Sarti: “Porto i ricordi dentro di me, non appesi alle pareti. Il 3-1 al Real Madrid gioia immensa, meritavamo quella Coppa”

Ospite della nuova puntata di Memorabilia, in onda questa sera alle ore 21 su Inter Channel, è Giuliano Sarti, portiere rivoluzionario.

Ecco le parole rilasciate nell’intervista:

“Sono arrivato quando in squadra già c’erano Burgnich, Facchetti, Picchi e Guarnieri. La difesa era già fatta, bisognava trovare il modo di farsi capire, anche perché non urlavo in continuazione ma semplicemente suggerivo cosa fare. I portieri raramente uscivano dalla porta in quegli anni. Io nel 1954 iniziai a giocare come si gioca adesso, stravolgendo il ruolo del portiere. Nel ’56 da Lo Buono della Lazio presi gol da 50 metri, perché ero un po’ fuori dalla porta come mio solito, ma disattento”.

“Feci il primo provino al Torino, si giocava al Filadelfia.
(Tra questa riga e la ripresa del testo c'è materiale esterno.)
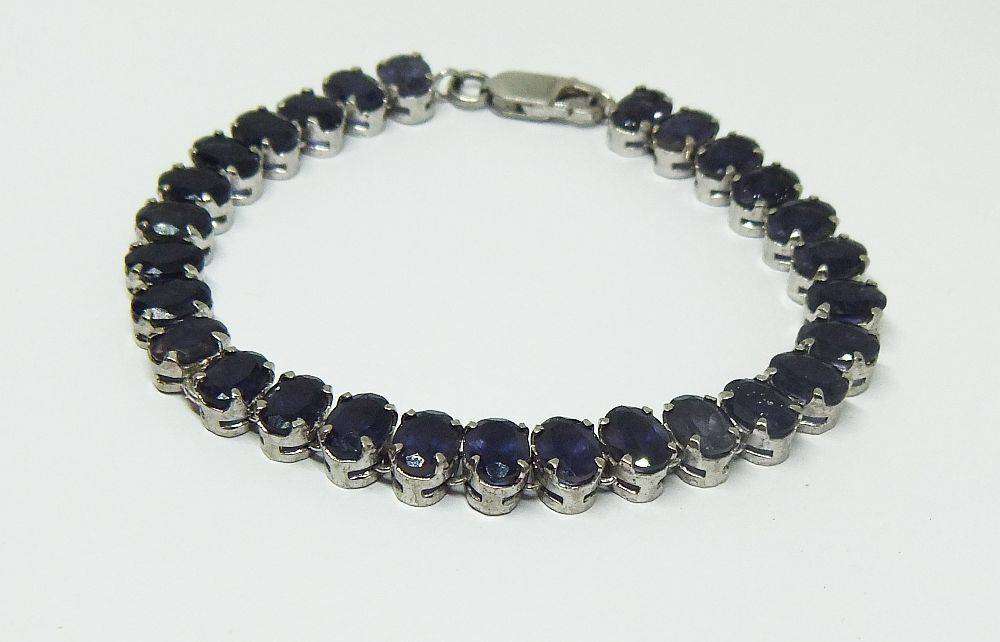 A gorgeous sterling silver bracelet with 28 faceted dark blue insets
Io avevo un sistema di gioco in cui coordinavo i miei compagni affinché gli avversari tirassero poco in porta, di conseguenza venivo poco impegnato e l’allora presidente mi disse: non so come giochi, non ti ho quasi mai visto parare”.
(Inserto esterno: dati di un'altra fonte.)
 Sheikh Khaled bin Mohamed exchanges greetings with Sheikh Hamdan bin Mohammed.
 “Eravamo un po’ isolati, il contatto con i tifosi lo si sentiva in campo. Un tifo così dava la soddisfazione di giocare in uno stadio come San Siro, dava una carica eccezionale. Ho passato cinque anni in un ambiente serenissimo, sia per quanto riguarda i tifosi sia per quanto riguarda la società”.

“Era una squadra costruita apposta per sviluppare un certo tipo di gioco. Eravamo così ben assortiti, con Facchetti e Corso che si trovavano a meraviglia. Per noi che giocavamo insieme era bello stare insieme in campo, ci aiutavamo a vicenda per arrivare ad ottenere un risultato”.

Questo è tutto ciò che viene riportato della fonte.